Le déficit fonctionnel permanent
Le rapport d’expertise médicale constate un état séquellaire justifiant une invalidité de 6 % chez un sujet né le [Date naissance 1] 1968 et donc âgé de 52 ans lorsque la consolidation de son état a été acquise le 28 mars 2020.
Avec une valeur du point qu’il convient de fixer à hauteur de 1 560 €, le montant de l’indemnité sera de 9 360 €.
Monsieur [X] ne démontre pas un chiffrage incomplet ou insuffisant du dommage par l’homme de l’art qui justifierait une majoration de l’indemnité à hauteur de 5 000 €.
Le préjudice esthétique permanent
Le Docteur [K] fait état d’un dommage de 0,5 sur 7 qui doit conduire au bénéfice d’une réparation à hauteur de l’offre s’élevant à 800 €.
Récapitulatif
Au regard de tout ce qui précède, le dommage de Monsieur [X] sera fixé ainsi :
2 160 € + 969 € + 7 367, 76 € + 20 000 € + 2 231, 60 € + 4 500 € + 300 € + 9 360 € + 800 € = 47 688, 36€, dont il faut déduire les provisions de 5 400 € déjà encaissées, d’où un reliquat de 42 288, 36 €.
L’article L211-9 du code des assurances prévoit en ses trois premiers alinéas que “Quelle que soit la nature du dommage, dans le cas où la responsabilité n’est pas contestée et où le dommage a été entièrement quantifié, l’assureur qui garantit la responsabilité civile du fait d’un véhicule terrestre à moteur est tenu de présenter à la victime une offre d’indemnité motivée dans le délai de trois mois à compter de la demande d’indemnisation qui lui est présentée.

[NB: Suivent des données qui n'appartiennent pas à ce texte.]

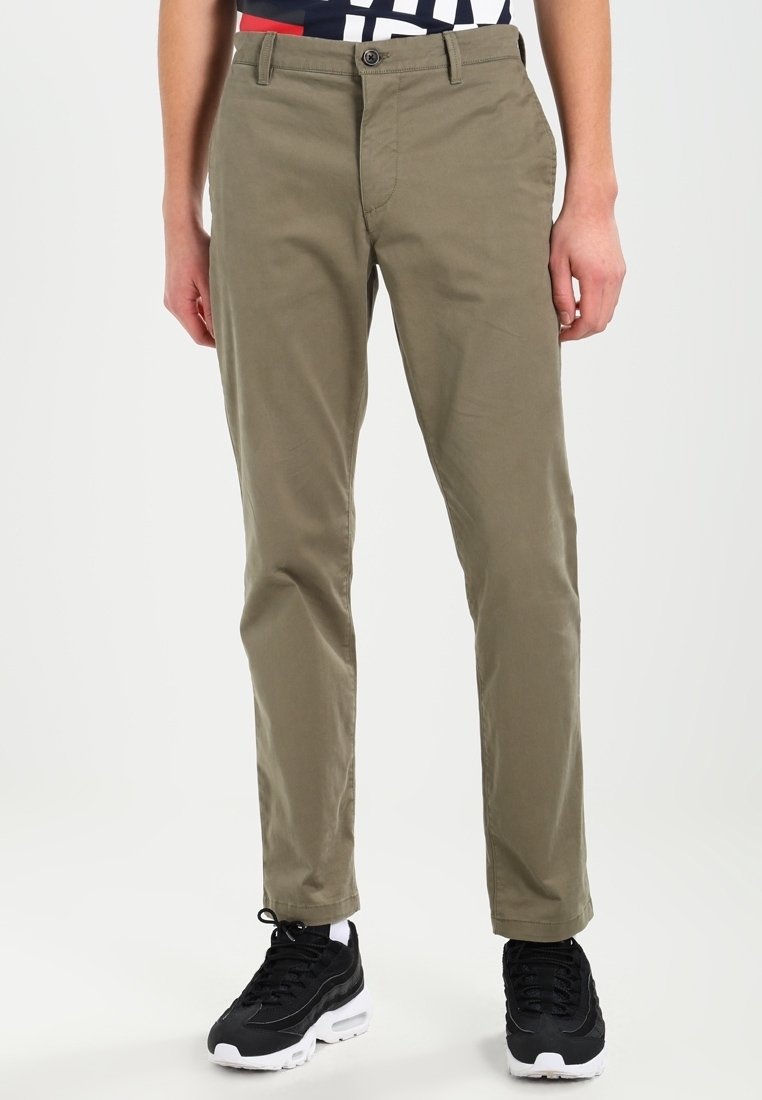 Chinos color khaki in cotone, con una vestibilità dritta, una superficie liscia, tasche frontali e chiusura a bottone. Indossati con sneakers nere.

Lorsque la responsabilité est rejetée ou n’est pas clairement établie, ou lorsque le dommage n’a pas été entièrement quantifié, l’assureur doit, dans le même délai, donner une réponse motivée aux éléments invoqués dans la demande.
Une offre d’indemnité doit être faite à la victime qui a subi une atteinte à sa personne dans le délai maximum de huit mois à compter de l’accident. En cas de décès de la victime, l’offre est faite à ses héritiers et, s’il y a lieu, à son conjoint. L’offre comprend alors tous les éléments indemnisables du préjudice, y compris les éléments relatifs aux dommages aux biens lorsqu’ils n’ont pas fait l’objet d’un règlement préalable.

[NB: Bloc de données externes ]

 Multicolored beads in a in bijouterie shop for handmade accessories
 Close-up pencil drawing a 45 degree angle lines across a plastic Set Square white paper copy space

Cette offre peut avoir un caractère provisionnel lorsque l’assureur n’a pas, dans les trois mois de l’accident, été informé de la consolidation de l’état de la victime. L’offre définitive d’indemnisation doit alors être faite dans un délai de cinq mois suivant la date à laquelle l’assureur a été informé de cette consolidation”.
L’article L211-13 de ce même code sanctionne tout manquement en la matière par le doublement du taux de l’intérêt légal, à compter de l’expiration du délai et jusqu’au jour de l’offre ou du jugement devenu définitif.
En l’état d’un accident survenu le 28 mars 2019 et d’un dépôt du rapport d’expertise constatant la consolidation de la victime datant du 10 novembre 2021, l’offre émise le 8 novembre 2022 méconnaît, de par son caractère tardif, les termes du texte de référence dès lors que le délai de cinq mois imparti a été dépassé.
Une majoration des intérêts sera donc ordonnée à compter du 10 avril 2022 jusqu’à l’offre en question dont la consistance exclut de la tenir pour insuffisante.
Sur les demandes accessoires
En application de l’article 696 du code de procédure civile, l’assureur sera condamné aux dépens.
Il sera également tenu de régler à la partie adverse une somme de 1 800 € au titre des frais irrépétibles.
Il n’y a pas lieu d’ordonner l’exécution provisoire de droit.
Il n’est pas non plus nécessaire de déclarer le jugement commun et/ou opposable à l’organisme de sécurité sociale ou de mutuelle régulièrement assigné.
PAR CES MOTIFS
Le Tribunal, statuant publiquement, en premier ressort et par jugement réputé contradictoire,
CONDAMNE la SAS AREAS à régler à Monsieur [Y] [X] après déduction des provisions une somme de 42 288, 36 € avec intérêts au taux légal majoré par doublement du 10 avril 2022 jusqu’au 8 novembre 2022
CONDAMNE la SAS AREAS à supporter le coût des dépens de l’instance
CONDAMNE la SAS AREAS à régler à Monsieur [Y] [X] la somme de 1 800 € en application de l’article 700 du code de procédure civile
DÉBOUTE les parties pour le surplus de leurs demandes.
Prononcé à la date de mise à disposition au greffe par Stéphanie BENOIT, vice-président
En foi de quoi le présent jugement a été signé par le Président, Stéphanie BENOIT, et Sylvie ANTHOUARD, Greffier présent lors du prononcé.